There was a lot of prophecy in this episode. Locke has a prophetic vision in a sweat lodge (using the same psychotropic stuff he used on Boone in season one), then later an unconscious Eko seems to come awake and deliver another prophecy to Locke, while Hurley (who last season listened to a radio broadcast of Glenn Miller and mused that the signal might be traveling through time) hears Desmond make a prophetic remark that makes Hurley think Desmond has traveled through time as well. By the end, Locke has returned to the beach settlement like Moses coming down from the mountain to give the other castaways their marching orders. Later this season, I see Locke and Eko traveling to the Others' camp to tell Ben Linus (aka Henry Gale), "Thus saith The Island, 'Let my people go!'"

So a good episode, although the flashbacks surprisingly didn't resolve, so I'm disappointed in that.

BTW, I haven't been blogging it, but Lost is followed by another surprisingly good show, titled The Nine. I'm not thrilled with the title. When I first heard it, I thought it was a show about the Supreme Court.

Basically, The Nine is another big puzzle show, with an intriguing premise. Two guys plan a simple bank robbery, in and out in five minutes. Things go wrong, and 52 hours later, the SWAT team rushes in to end a hostage stalemate.

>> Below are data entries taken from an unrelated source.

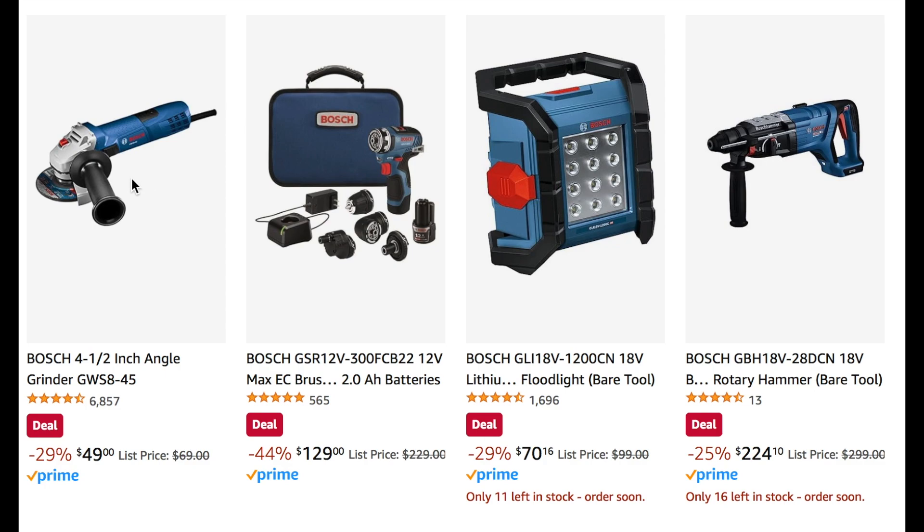We see a few deals going on with Bosch here. We have the corded angle grinder for $50 — a good price if you need one. Or if you're in the Bosch family, there's also this Bosch multi-tool with a bunch of attachments for $129, 44% off. Then a floodlight, bare tool only, at $70. And the rotary hammer, also bare tool, for $225 — good prices on all of these if you're in the Bosch family.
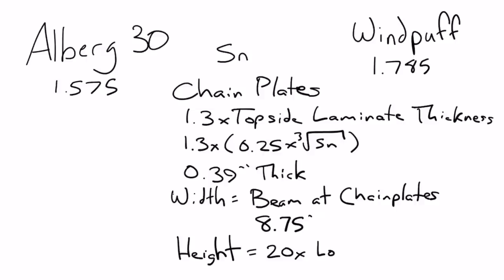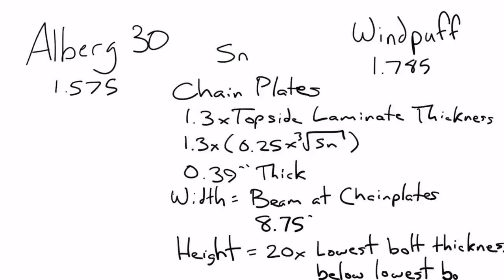The height of the required fiberglass runs from the sheer all the way down to the bottom of the chain plate, and must continue 20 times the size of the lowest bolt below that. So with a half-inch bolt, you go 20 × 0.5 = 10 inches below the chain plate. The extra fiberglass also needs to extend a distance equivalent to the beam of the boat at that spot — about eight feet on the Alberg, meaning four feet forward and four feet aft of each chain plate. If your boat isn't thick enough in these areas, you'll have to take apart the interior to lay on extra glass.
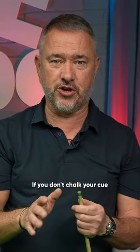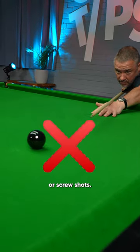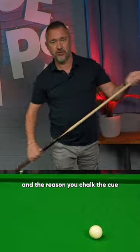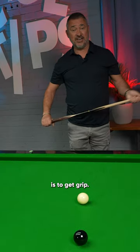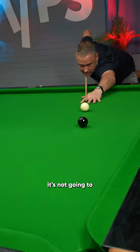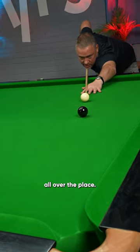Always chalk your cue. If you don't chalk your cue you're getting no grip on the cue ball, so it's no good if you want to play side or screw shots. So this is my new cue — I'm going to chalk it. The reason you chalk the tip is to get grip, so when you are playing with extreme side or low on the cue ball it's not going to send the cue ball all over the place.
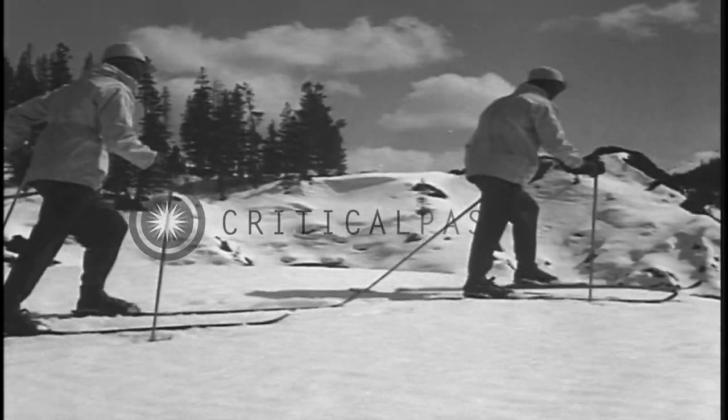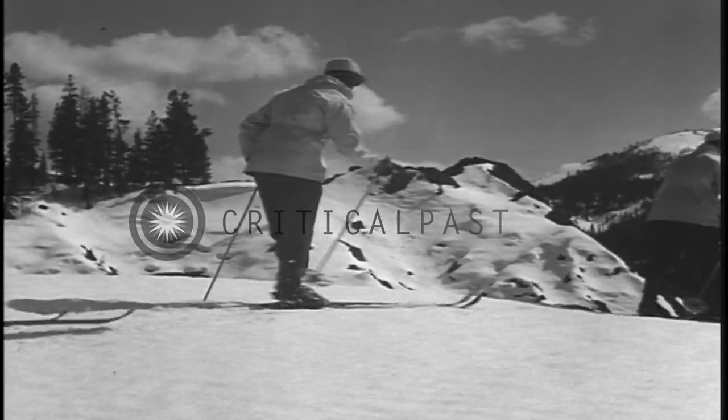Combining the regular walking step with the side step will make you master of the most serviceable and generally used manner of climbing.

We see the customers go into the bank, and we see very different people come out, along with intriguing clues to what went on during those lost 52 hours. The series now proceeds along two tracks, telling the stories of how the nine hostages deal with the aftermath of the crisis while also flashing back to tell the events of the stand-off itself.

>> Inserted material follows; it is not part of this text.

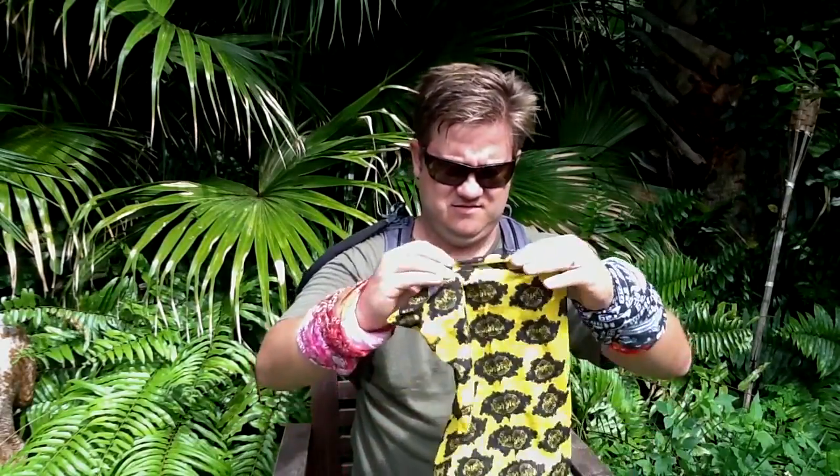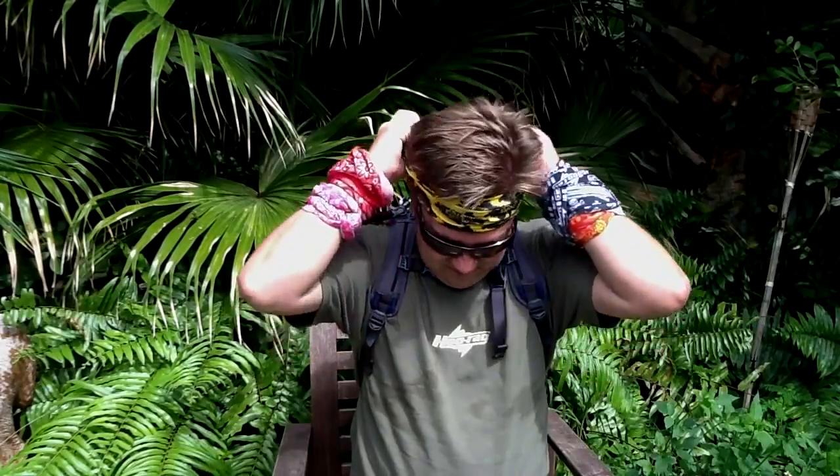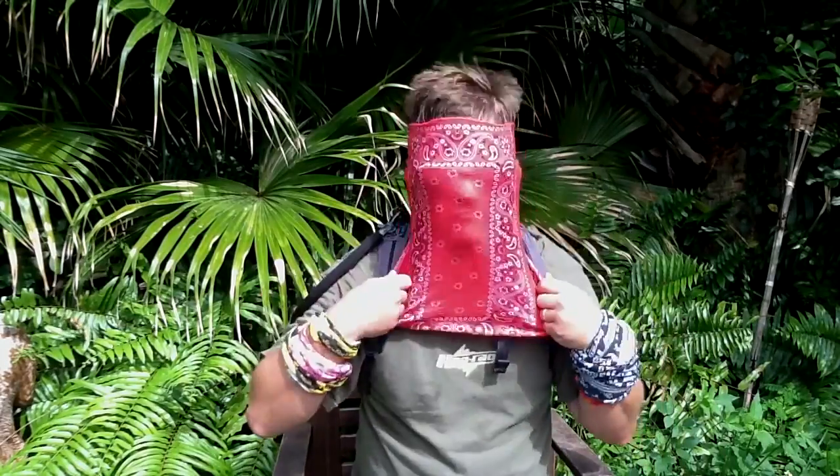Headband. Face mask. Total sun protection.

The premise is pretty gimmicky, but the character writing is good. But even before the show premiered, people were wondering how long it would last, being scheduled right on the heels of Lost, since both shows have large ensemble casts and complex storylines. Would viewers be willing to watch two intricately-plotted dramas in a row?

In fact, most, if not all, TV dramas follow that model, which makes it a lot more intimidating for a new viewer to drop in on an established show. Jonah Goldberg at NRO pointed to this passage in a New Yorker review by Malcolm Gladwell of the book, Everything Bad is Good For You:

As Johnson points out, television is very different now from what it was thirty years ago. It's harder. A typical episode of "Starsky and Hutch," in the nineteen-seventies, followed an essentially linear path: two characters, engaged in a single story line, moving toward a decisive conclusion. To watch an episode of "Dallas" today is to be stunned by its glacial pace--by the arduous attempts to establish social relationships, by the excruciating simplicity of the plotline, by how obvious it was. A single episode of "The Sopranos," by contrast, might follow five narrative threads, involving a dozen characters who weave in and out of the plot.

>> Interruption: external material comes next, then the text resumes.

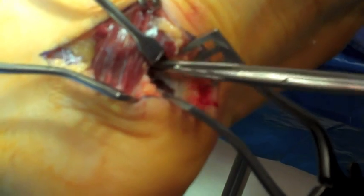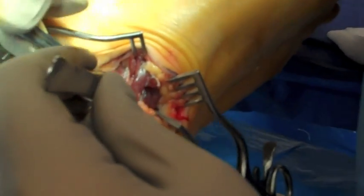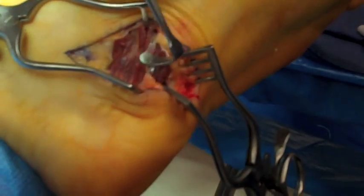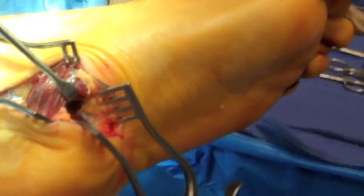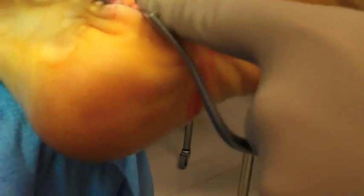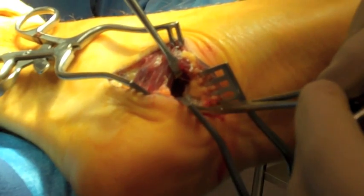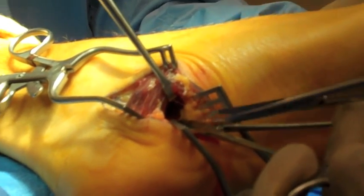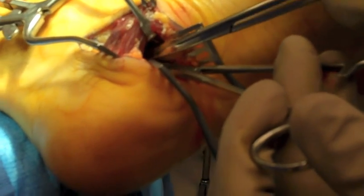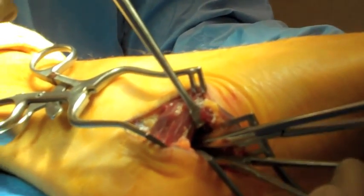Blunt dissection is used at all times in order to protect the underlying neurovascular structures and additionally to prevent muscle injury. Sometimes it is helpful to re-identify the correct level from the dorsal aspect where the previous release had been performed to help locate the proper plantar entry point. Once the deep fascia is visualized, a hemostat is used to elevate it from the underlying neurovascular structures. The deep fascia is then released with Metzenbaum scissors to join the previous release from the dorsal, or cephalad, surface. This should be a complete release with no constricting tissue overlying the neurovascular structures in this area.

My feelings exactly. This is a double-edged sword, however. While it makes for a richer viewing experience, it can make people like me reluctant to try a show that we haven't been in on from the beginning. I keep hearing about how great Battlestar Galactica is, but the few episodes I've watched, while good, were so enmeshed in ongoing storylines and relationships that I felt kind of adrift. I occasionally catch an episode, but I don't care if I miss one. And although I hear great things about The Shield, there's no way I'm going to try to jump into it in the middle.

I've got enough on my plate with Lost and Smallville and Heroes and Supernatural and Prison Break and The Nine and Studio 60 on the Sunset Strip and Survivor, thank you very much.